» Required action
Please repeat only the lines below starting at the line that holds "Soubor:Linux.jpg" and ending at the line that holds "5PCS Monstera Plant", exactly, with both of those lines included and every picture omitted.

» Given information
Segment Open

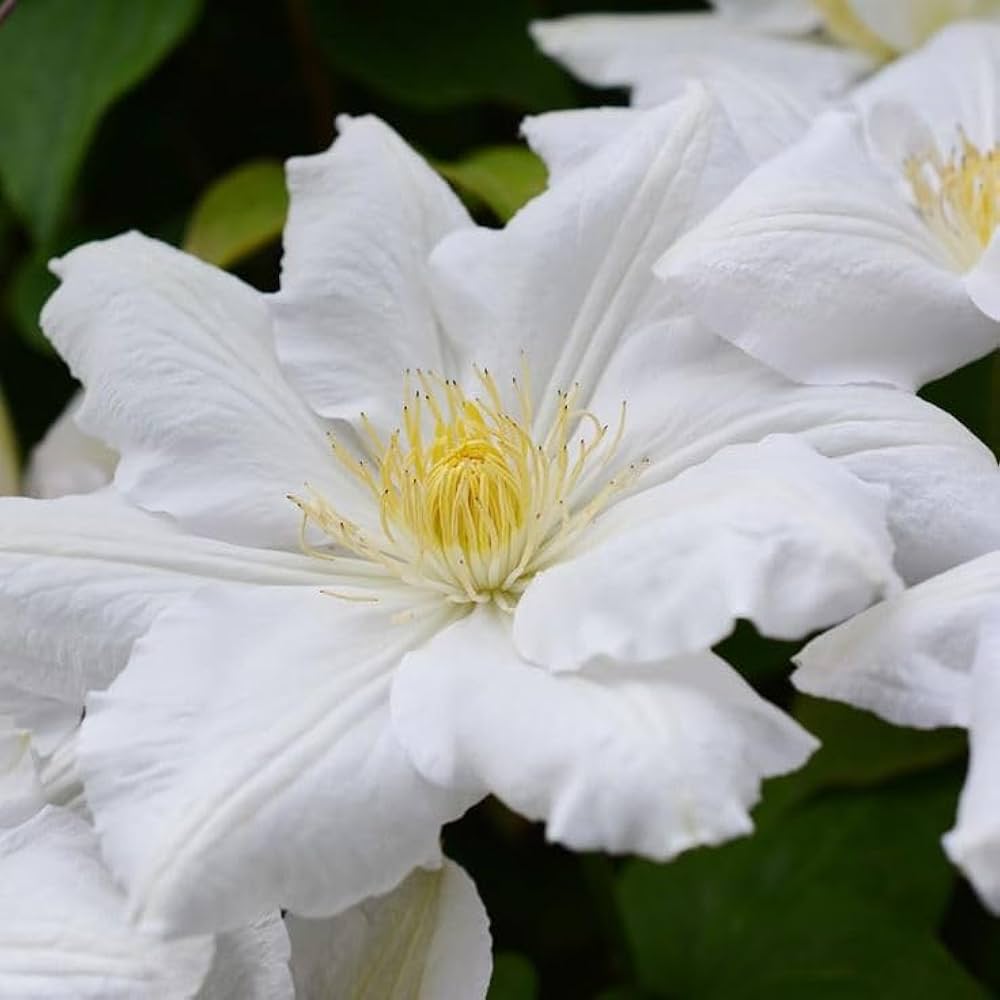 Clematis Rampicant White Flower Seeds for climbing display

Segment Closed
Segment Open

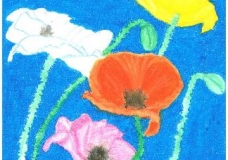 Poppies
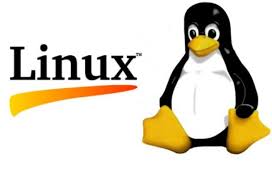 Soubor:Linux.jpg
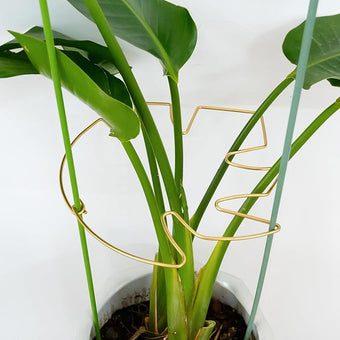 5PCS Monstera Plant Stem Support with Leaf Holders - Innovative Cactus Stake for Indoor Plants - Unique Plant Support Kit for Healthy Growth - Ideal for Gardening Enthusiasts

Segment Closed

» Response for this exercise
 Soubor:Linux.jpg
 5PCS Monstera Plant Stem Support with Leaf Holders - Innovative Cactus Stake for Indoor Plants - Unique Plant Support Kit for Healthy Growth - Ideal for Gardening Enthusiasts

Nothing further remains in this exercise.